Ingredients Needed for Creamy Potato and Bacon Soup
4 bacon slices
½ cup heavy cream
½ cup cheddar, shredded
1 tablespoon flour
2 tablespoons of milk
spring onion, chopped
How to Cook Creamy Potato and Bacon Soup
- Preheat the oven to 360 degrees F/180 degrees C.
- Cut the potatoes in half.
- Season them with salt and pepper.
- Line a baking tray with parchment paper. Place the potatoes in the tray and roast them for the next 45 minutes.
- Separately, heat a skillet over medium heat. Add the bacon slices and cook them until crispy.
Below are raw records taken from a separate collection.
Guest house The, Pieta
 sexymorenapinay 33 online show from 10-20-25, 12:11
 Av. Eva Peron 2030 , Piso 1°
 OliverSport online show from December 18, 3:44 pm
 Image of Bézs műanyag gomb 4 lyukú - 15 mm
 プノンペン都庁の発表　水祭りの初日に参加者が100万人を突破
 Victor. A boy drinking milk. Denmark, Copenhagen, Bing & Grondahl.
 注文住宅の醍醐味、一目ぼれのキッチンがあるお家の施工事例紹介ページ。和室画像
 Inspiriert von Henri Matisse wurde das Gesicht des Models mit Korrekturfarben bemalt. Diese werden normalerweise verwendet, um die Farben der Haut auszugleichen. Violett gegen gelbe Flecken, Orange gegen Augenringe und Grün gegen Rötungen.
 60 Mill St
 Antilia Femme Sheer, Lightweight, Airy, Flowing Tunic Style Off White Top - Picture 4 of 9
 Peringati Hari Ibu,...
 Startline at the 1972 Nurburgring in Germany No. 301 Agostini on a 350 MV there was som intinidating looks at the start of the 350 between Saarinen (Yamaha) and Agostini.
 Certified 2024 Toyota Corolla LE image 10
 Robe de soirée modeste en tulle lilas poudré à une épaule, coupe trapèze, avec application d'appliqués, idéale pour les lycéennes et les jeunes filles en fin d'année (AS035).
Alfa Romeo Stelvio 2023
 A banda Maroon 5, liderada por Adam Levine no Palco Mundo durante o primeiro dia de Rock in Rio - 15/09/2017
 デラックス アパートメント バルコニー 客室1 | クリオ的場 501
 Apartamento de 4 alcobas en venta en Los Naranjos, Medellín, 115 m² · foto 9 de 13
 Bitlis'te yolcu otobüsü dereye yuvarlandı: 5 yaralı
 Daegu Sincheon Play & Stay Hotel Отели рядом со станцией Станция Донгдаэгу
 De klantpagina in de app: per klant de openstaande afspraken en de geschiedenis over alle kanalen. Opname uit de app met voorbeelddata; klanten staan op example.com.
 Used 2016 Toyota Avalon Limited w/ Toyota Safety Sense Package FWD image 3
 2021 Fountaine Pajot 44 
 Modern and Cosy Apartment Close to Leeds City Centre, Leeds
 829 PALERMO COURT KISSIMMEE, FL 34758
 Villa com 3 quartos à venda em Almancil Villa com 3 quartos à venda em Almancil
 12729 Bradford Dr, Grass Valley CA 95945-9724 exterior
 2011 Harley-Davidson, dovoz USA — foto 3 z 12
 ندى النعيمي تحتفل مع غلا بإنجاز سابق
- Remove the potato skins and place the potatoes in a blender. Pour the heavy cream, add the shredded Cheddar, and 2 of the bacon slices. Blend everything until smooth.
- Heat a saucepan over medium heat. Pour the mixture and bring it to a boil, until small bubbles start to appear on its surface. Mix the flour and milk in a small bowl. Pour the mixture into the soup.
- Cook the soup for 10 minutes, while whisking from time to time, so it doesn’t stick to the pan.
- Place the soup into 2 separate bowls. Serve it with 1 fried bacon slice on top and a bit of spring onion.